The Brothers Grimm fairy tales were not originally pure stories for children. They were recordings of folk legends passed down orally in early 19th-century rural Germany, filled with violence, cruelty, revenge, and sexual innuendo. However, from 1812 to 1857, through seven editions, particularly at the hands of Wilhelm Grimm, these stories were progressively “sanitized.” And in the 20th century, modern adapters including Disney transformed them into even softer and sweeter stories.

Why did these changes occur? It wasn’t simply about removing brutal content, but contained within them are shifts in era-specific values, the emergence of the concept of children’s literature, and the evolution of cultural morality. The evolution of Grimm fairy tales is not merely a change in stories, but a record of a massive cultural transformation in how we understand childhood, morality, and the role of storytelling.

The Brothers Grimm: Folklorists and Collectors

Brothers Grimm Portrait
Portrait of Jacob and Wilhelm Grimm Source: Wikimedia Commons (Public Domain)

German Nationalism and Cultural Identity

Jacob Grimm (1785-1863) and Wilhelm Grimm (1786-1859) were originally folklorists and linguists.[1] Their primary purpose in collecting fairy tales was not to entertain children, but to preserve the cultural identity and oral traditions of the German people.[2]

In early 19th-century Germany, the country was politically fragmented and experiencing a national crisis due to Napoleon’s invasion. Against this historical backdrop, the Brothers Grimm sought to collect old stories passed down in the German language to record the unique cultural heritage of the German people.[2]

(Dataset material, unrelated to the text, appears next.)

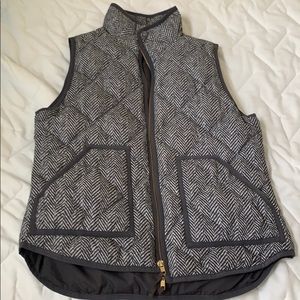 J. Crew herringbone puffer vest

1812: Publication of the First Edition

In 1812, the Brothers Grimm published Volume 1 of Children’s and Household Tales (Kinder- und Hausmärchen).[1] This first edition contained 86 stories, and a second volume was additionally published in 1815.

However, an important fact is that this book was originally not intended for children.[3] The Brothers Grimm conceived of it as scholarly folklore material. Indeed, the first edition included academic annotations and analyses, and the content was also unsuitable for children.[4]

Disappointing Sales and Criticism

However, sales of the first edition were disappointing.[3] Moreover, critics criticized that while the book bore the title “children’s stories,” it was completely unsuitable for children.[4] The violent and sexual content, as well as the scholarly annotations, were deemed inappropriate for child readers.

Faced with this criticism, particularly Wilhelm Grimm began to revise the stories for a child audience.[4] And this was the beginning of the massive “sanitization project” of the fairy tales.

The History of Sanitization Through Seven Editions

Wilhelm Grimm: Editor and Sanitizer

For 45 years from 1812 to 1857, the Brothers Grimm fairy tales went through a total of seven editions.[4] Each edition differed from the previous one, and the final seventh edition (1857) bore almost no resemblance to the first edition.[4]

This revision work was primarily led by Wilhelm Grimm.[4] His older brother Jacob focused more on linguistic research, while his younger brother Wilhelm refined the stories to suit an increasingly growing literary readership.[4]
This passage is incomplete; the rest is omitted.